Her group put its concerns on the record in June with 47 pages of comments submitted to the Federal Energy Regulatory Commission, which is reviewing the Environmental Impact Statement (EIS) for the project. The Southern Environmental Law Center drafted the letter on behalf of the Sierra Club, Chesapeake Bay Foundation and Chesapeake Climate Action Network.

In it, the groups call on TC Energy to upgrade the compressor units at the Petersburg station from gas to an emissions-free alternative, such as electric power. If other compressor facilities along the pipeline route are getting such upgrades, the critics ask, why is it not an option for Petersburg?

FERC faces more pressure than ever to consider environmental justice in its reviews. In one of his first acts as president, Joe Biden issued an executive order in January 2021 requiring federal agencies to give more weight to equity considerations. In response, FERC adopted an “equity action plan” that, among other priorities, singled out natural-gas decisions for deeper analysis.

The environmental groups told FERC and TC Energy in their letter that they don’t accept the finding that air pollutant levels will remain safe, calling the modeling method “improper and insufficient.”

“The methodology included in the [draft EIS], while sufficient for assessing generalized air quality impacts in a particular region, fails to adequately account for localized human health concerns,” the groups said in their letter.
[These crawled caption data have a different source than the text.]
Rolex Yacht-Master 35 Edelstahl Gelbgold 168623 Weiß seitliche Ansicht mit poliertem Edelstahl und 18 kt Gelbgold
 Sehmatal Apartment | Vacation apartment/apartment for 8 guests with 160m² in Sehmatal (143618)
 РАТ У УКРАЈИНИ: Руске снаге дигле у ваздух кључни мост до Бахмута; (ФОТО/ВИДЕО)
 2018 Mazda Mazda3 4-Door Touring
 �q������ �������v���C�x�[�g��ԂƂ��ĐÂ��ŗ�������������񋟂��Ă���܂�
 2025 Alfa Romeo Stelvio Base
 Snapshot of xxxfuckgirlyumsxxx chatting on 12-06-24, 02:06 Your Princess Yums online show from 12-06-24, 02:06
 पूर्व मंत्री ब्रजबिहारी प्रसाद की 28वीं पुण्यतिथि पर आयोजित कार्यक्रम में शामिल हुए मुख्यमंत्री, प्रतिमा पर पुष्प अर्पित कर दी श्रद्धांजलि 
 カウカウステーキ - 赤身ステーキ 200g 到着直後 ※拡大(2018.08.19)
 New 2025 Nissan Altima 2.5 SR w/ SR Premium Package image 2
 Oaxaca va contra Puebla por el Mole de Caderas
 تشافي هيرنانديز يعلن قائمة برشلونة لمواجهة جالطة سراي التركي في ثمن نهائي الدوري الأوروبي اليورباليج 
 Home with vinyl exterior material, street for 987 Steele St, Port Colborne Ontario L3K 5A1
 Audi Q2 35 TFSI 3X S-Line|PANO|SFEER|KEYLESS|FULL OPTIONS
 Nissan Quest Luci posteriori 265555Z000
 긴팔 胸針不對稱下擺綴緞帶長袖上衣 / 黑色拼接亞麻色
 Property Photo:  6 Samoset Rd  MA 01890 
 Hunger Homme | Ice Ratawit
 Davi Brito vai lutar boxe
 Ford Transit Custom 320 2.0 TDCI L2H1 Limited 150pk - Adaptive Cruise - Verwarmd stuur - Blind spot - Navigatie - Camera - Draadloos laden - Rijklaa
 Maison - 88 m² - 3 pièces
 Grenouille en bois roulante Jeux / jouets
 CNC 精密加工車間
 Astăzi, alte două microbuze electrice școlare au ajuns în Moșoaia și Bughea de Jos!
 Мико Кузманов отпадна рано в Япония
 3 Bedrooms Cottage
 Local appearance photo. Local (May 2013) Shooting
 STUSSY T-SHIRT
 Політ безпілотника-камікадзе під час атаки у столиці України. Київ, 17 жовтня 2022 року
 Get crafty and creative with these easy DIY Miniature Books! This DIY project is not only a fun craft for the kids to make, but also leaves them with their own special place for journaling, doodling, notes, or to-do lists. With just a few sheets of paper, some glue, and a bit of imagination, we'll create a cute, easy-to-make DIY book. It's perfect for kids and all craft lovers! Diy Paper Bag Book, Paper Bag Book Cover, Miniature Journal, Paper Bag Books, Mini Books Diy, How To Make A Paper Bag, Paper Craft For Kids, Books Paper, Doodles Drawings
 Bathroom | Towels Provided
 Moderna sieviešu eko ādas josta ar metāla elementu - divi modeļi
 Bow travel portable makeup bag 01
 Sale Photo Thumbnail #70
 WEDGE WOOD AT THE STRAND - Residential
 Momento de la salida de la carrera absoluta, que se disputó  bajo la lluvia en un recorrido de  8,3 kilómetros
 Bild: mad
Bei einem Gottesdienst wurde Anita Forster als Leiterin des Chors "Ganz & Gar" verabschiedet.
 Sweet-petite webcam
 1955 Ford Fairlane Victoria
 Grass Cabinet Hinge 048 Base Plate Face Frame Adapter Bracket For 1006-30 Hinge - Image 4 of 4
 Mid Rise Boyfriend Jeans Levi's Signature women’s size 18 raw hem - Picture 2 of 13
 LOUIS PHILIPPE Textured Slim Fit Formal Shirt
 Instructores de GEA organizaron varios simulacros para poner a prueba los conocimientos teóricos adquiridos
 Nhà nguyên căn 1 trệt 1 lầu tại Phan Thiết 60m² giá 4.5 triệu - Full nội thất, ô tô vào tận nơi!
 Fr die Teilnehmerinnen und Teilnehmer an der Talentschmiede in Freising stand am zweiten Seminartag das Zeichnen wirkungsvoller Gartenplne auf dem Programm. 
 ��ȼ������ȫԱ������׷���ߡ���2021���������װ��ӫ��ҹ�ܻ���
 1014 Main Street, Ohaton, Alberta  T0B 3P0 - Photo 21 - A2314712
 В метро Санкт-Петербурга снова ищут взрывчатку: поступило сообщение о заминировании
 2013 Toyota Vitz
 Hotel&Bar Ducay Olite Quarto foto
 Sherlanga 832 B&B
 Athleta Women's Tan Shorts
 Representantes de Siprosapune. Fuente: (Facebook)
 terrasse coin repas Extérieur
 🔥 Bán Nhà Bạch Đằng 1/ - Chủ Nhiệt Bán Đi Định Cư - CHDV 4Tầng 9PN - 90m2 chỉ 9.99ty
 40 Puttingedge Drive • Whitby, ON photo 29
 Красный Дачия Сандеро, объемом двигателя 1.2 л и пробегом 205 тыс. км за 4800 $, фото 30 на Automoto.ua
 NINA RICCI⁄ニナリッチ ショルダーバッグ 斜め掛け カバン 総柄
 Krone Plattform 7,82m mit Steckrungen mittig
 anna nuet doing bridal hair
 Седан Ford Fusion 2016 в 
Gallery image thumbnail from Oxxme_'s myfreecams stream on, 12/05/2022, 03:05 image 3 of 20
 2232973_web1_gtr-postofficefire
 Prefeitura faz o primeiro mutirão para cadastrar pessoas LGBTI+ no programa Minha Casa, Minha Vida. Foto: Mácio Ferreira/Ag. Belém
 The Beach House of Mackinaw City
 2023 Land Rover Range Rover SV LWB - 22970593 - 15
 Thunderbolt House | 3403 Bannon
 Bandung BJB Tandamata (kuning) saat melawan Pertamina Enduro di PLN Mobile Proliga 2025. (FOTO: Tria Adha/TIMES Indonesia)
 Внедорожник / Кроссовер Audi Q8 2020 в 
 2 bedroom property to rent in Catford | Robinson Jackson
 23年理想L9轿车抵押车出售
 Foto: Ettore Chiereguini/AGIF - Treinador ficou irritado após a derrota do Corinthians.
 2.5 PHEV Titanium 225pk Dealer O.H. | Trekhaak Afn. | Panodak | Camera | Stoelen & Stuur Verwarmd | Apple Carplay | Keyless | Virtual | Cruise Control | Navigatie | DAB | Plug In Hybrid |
They pointed to research suggesting that there is no safe level of another pollutant: soot.

They added, “Fundamentally, it shows a lack of concern for the health of the communities that are burdened by pollution from the Petersburg Compressor Station and will be even more burdened if the VRP is approved as proposed.”

If the project is approved, TC Energy estimates that construction will begin between April and June 2024 and be completed by November 2025.